First, Cramer forecasted a decline in interest rates, which have surged since the onset of the war due to inflation fears linked to rising energy costs. He stated, "They [rates] go down noticeably... because we now realize that there's a huge amount of inflation stemming from the war." This inflation has been exacerbated by increased prices for agricultural inputs like fertilizer, which have risen sharply due to supply chain disruptions.

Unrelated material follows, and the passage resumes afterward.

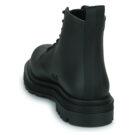 Melissa MelBotines negros para mujer Lissa Coturno Ad - Talla 5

Second, Cramer anticipated a rebound in growth stocks, particularly in the technology sector. Stocks like Nvidia and Marvell Technology saw notable gains on March 31, with Nvidia up 5.5% and Marvell rising nearly 13%. Cramer noted that as interest rates decrease, investors would refocus on the fundamentals of high-growth companies, which had previously been overshadowed by geopolitical tensions. "If the war's over, we'll start paying more for the stocks of companies that were never gonna skip a beat to begin with," he added.
Finally, Cramer expected a rally in big bank stocks, which have been under pressure due to concerns over deal-making in a tumultuous market. Major investment banks like Goldman Sachs and Morgan Stanley saw gains of nearly 5% and 4%, respectively, on the same day.
These positive developments came after a tumultuous month for U.S. equities, which saw the S&P 500 and Nasdaq post their worst annual starts since 2022. The S&P 500 fell 5.09% in March, and the Nasdaq declined 4.75%. The conflict in Iran and the blockade of the Strait of Hormuz have heavily impacted markets, contributing to a spike in oil prices and inflation concerns.
Brent crude oil prices soared above $100 per barrel for the first time since 2022, reaching as high as $119 at times. Gasoline prices in the U.S. have also surged, with the average price of unleaded gasoline hitting $4 per gallon, a 34% increase in just four weeks.
U.S. Defense Secretary Pete Hegseth warned that the next few days would be decisive for the Iran conflict, indicating that the situation could escalate if Tehran does not engage in meaningful negotiations. Hegseth's comments highlight the precarious nature of the current geopolitical climate and its direct impact on financial markets.
Market analysts have noted that fluctuations in oil prices have been closely tied to stock market performance. "Stocks have been following the lead of oil prices at an unparalleled rate over the last several weeks," said analysts at Bespoke Investment Group. They cautioned that prolonged high oil prices could have detrimental effects on the global economy and stock prices.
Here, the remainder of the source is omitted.